With the new year, the Central Government raised the interest rates for the Small Savings Scheme. The Public Provident Fund and Sukanya Samridhi Yojana are the exceptions to this policy because their interest rates have not altered. On their fixed deposits, the post office offers an interest rate of 6.5-7%. (FDs).
The government has revised the interest rates for these small savings schemes previously.
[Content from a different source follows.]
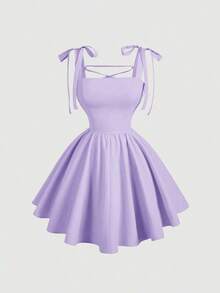 Vestido rosa romántico con espalda descubierta y lazo, adecuado para citas, fiestas, vacaciones, meriendas de té y ocasiones de cumpleaños - Lila Púrpura - Ver 5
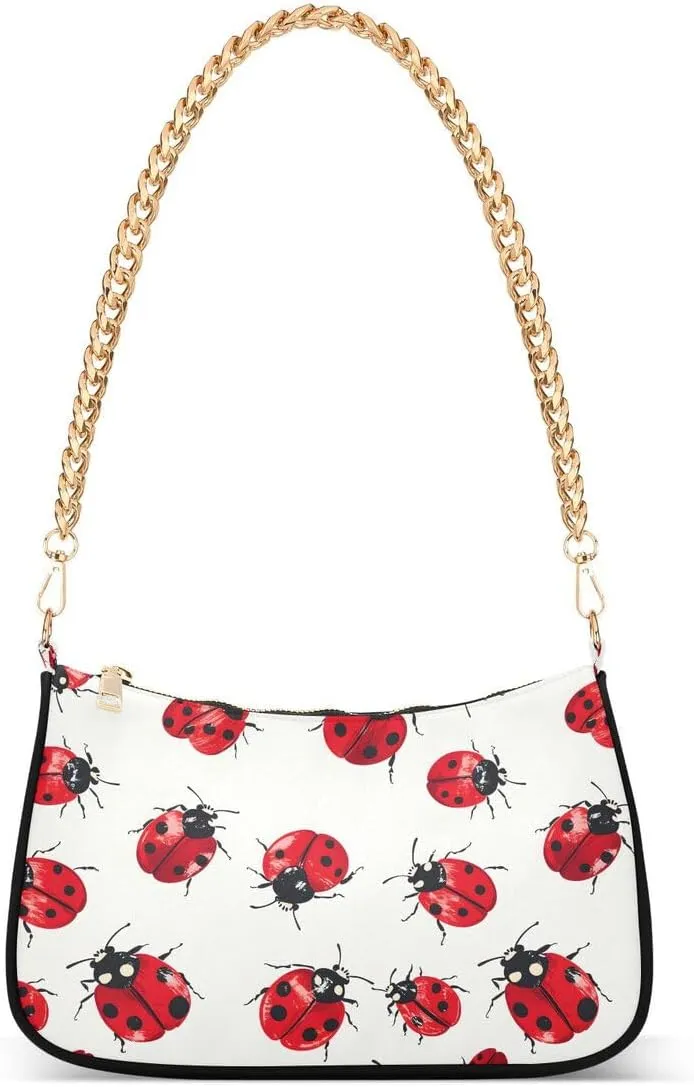 Red Ladybird Cute Tote Bag Shoulder Bag Hobo Handbag for Women Ladies Mini Clutch Purse with Zipper Closure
The interest rates on all savings plans have increased this time around, with the exception of the Public Provident Fund and Sukanya Samridhi Yojana, which only saw increases in September 2022. The post office’s rates are now more appealing as a result of the rise in interest rates.
The interest rates for each plan for the month of January to the month of March of 2023 are listed below:
1. 1 year time deposit: 6.5 per cent
2. 2 year time deposit: 6.8 per cent
3. 3 year time deposit: 6.9 per cent
4. 5 year time deposit: 7 per cent
5. National Savings Certificate: 7 per cent
6. Kisan Vikas Patra Yojana: 7.2 per cent
7. Public Provident Fund Scheme: 7.1 per cent
8. Sukanya Samriddhi Yojana: 7.6 per cent
9. Senior Citizen Saving Scheme: 8 per cent
10. Monthly Income Scheme: 7.1 per cent
Banks increased rates of FD:
Private and public sector banks have hiked their FD rates since the Reserve Bank raised the repo rate in 2022. While some nationalised banks are giving interest rates as high as 9%, some banks are only offering rates up to 7%. The interest rates on their FDs have increased over the past year at PNB, SBI, HDFC, ICICI, BOB, and other banks.